_What this task involves_
Return only the number of lines in the entries below that hold the word "Used".

_Short text fragments from websites_
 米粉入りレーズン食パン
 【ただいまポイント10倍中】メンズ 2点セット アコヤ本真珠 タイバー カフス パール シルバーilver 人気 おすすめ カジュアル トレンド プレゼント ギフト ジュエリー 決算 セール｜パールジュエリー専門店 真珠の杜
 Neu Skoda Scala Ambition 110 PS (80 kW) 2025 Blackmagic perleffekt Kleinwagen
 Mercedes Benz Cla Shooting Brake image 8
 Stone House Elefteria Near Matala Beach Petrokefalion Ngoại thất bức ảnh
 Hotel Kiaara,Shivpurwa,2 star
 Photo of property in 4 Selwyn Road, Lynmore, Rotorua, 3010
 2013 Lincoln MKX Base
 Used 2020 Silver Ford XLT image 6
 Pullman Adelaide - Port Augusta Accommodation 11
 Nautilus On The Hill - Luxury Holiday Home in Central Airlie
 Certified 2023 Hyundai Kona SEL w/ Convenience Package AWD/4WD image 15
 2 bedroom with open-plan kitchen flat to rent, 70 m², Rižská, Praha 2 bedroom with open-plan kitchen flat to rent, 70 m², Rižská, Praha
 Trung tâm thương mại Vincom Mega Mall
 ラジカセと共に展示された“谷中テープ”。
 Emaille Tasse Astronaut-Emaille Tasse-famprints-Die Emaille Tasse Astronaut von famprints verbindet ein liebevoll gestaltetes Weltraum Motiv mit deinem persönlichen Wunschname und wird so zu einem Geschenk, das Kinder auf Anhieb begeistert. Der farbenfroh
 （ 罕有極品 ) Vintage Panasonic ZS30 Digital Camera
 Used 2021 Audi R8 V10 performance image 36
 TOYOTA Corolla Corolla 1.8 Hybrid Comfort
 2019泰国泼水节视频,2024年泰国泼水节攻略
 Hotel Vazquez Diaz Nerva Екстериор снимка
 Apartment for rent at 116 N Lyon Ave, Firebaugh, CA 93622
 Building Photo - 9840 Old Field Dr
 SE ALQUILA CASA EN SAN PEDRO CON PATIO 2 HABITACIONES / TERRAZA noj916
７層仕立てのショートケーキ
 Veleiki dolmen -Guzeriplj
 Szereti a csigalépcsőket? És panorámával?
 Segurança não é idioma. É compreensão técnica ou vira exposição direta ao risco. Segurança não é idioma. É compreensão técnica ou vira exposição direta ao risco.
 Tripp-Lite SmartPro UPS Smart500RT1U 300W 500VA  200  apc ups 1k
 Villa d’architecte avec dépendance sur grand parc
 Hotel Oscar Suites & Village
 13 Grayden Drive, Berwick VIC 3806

_Reply_
2